As the rain poured outside the tent and we shivered in our gumboots, John Marsden (author and educator), Catherine Keenan (executive director Sydney Story Factory) and Tristan Bancks (local author and Byron StoryBoard facilitator) discussed children’s literacy issues, how to get kids to tap into their own skin in order to write something authentic, and slime. Tristan Bancks is a big fan of slime.
‘If you’re afraid of writing, much of your education will be wasted,’ John Marsden proposed. Kids are often so afraid of getting something wrong – of having their work covered in red pen, and made to feel like they’re stupid – that they turn defensive very early on. ‘I hate writing.’ ‘I can’t write.’

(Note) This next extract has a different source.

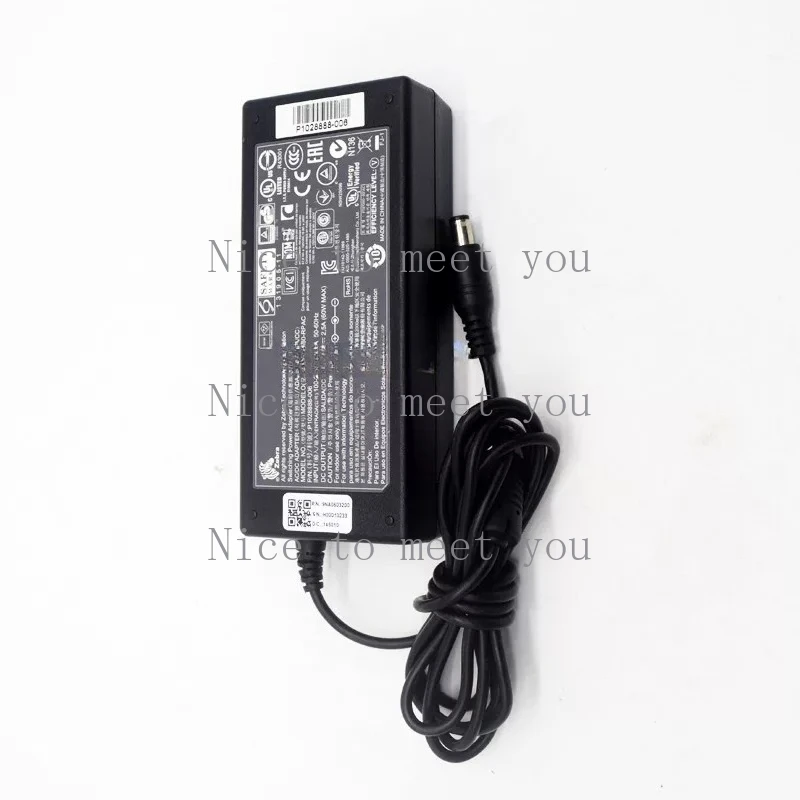 For Zebra FSP060-RPBAC Power Adapter with Power Cord, 24V, 2.5A
For Zebra FSP060-RPBAC Power Adapter with Power Cord, 24V, 2.5A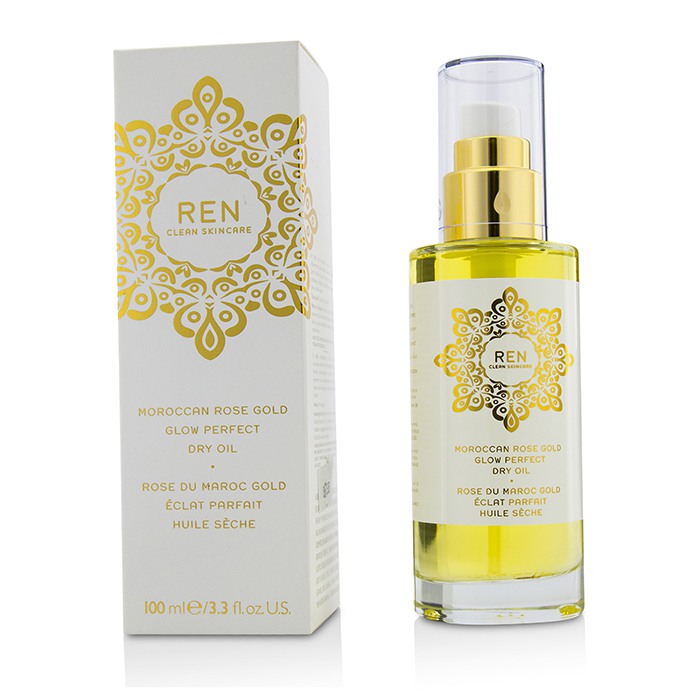Ren Suchy olejek do ciała Moroccan Rose Gold Glow Perfect Dry Oil 100ml/3.3ozProduct Thumbnail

As a student himself, John Marsden was bored to death by the in-class writing exercises his teachers prescribed. A topic would be given, such as ‘Scary story’, and students would brainstorm all the words they would expect to find in a scary story, such as ‘dark’, ‘stormy’, ‘ghost’, ‘monster’, ‘haunted’, etc. They would then have to write a story including all those words. The young rebel, John kept himself amused by setting himself the challenge of writing a scary story without using any of those words. This is precisely one of the activities he gets his students to do now. It forces them to be original, but it also teaches them that there’s no ‘correct’ way to write a scary story, for example. They can have fun with it.
Some other fun examples of writing prompts that the panel suggested are below.
- Write a story set in Fear City where each character has a different weird fear.
- Go outside and study a little patch of garden or terrain. Write about a journey through that small space as an ant.
- Brainstorm a list of interesting adjectives and nouns and write them in columns on the board. Then join them in the strangest and least expected combinations.